**Task goal**
The following data has a line with "Rode NT1-A Kit" and a line with "The Methodist Hymnal". Write out exactly those lines and all the lines between them.

**Data supplied**
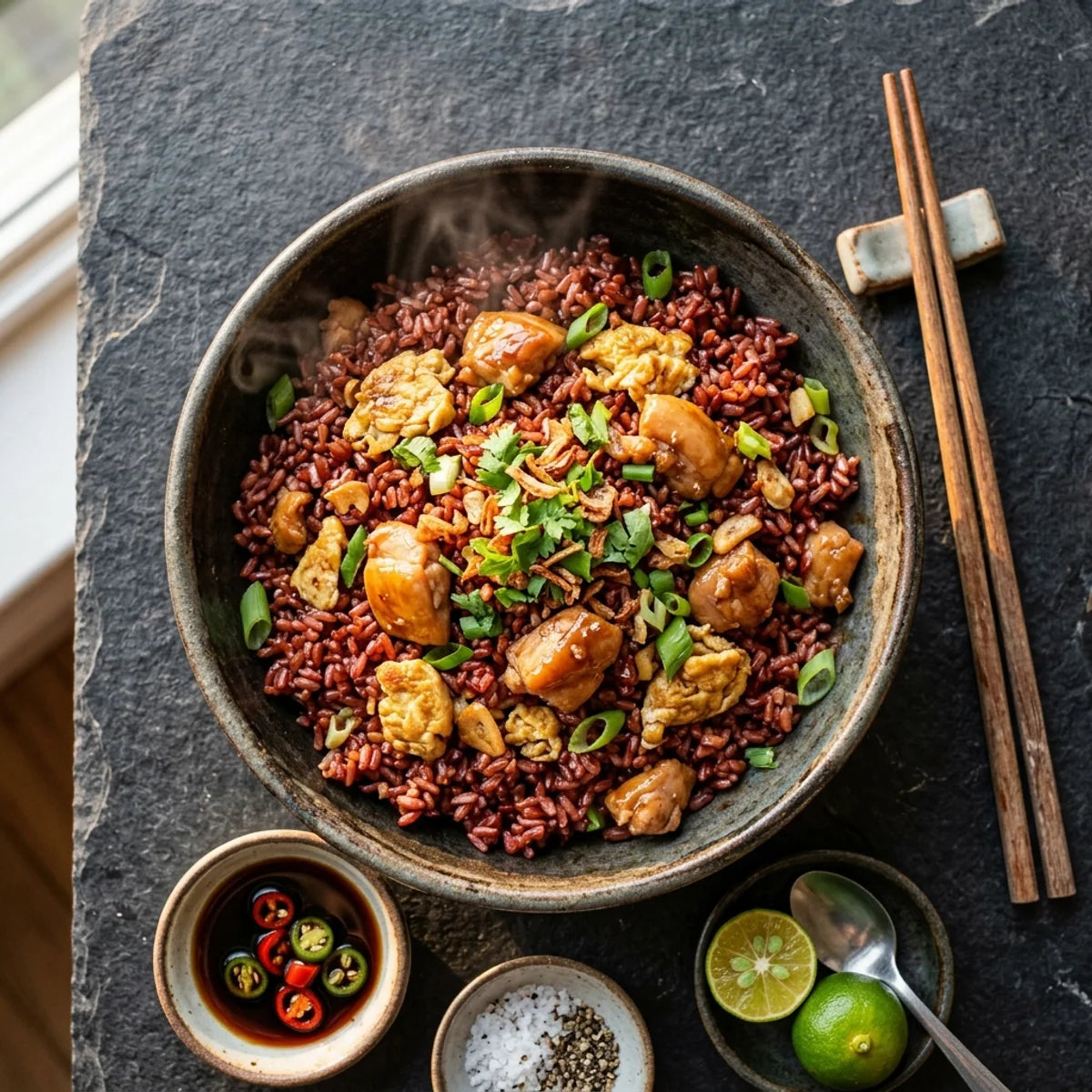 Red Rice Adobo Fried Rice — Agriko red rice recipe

--

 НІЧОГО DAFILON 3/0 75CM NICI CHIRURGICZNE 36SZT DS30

==

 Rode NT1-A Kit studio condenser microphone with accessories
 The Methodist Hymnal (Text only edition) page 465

**Exercise answer**
 Rode NT1-A Kit studio condenser microphone with accessories
 The Methodist Hymnal (Text only edition) page 465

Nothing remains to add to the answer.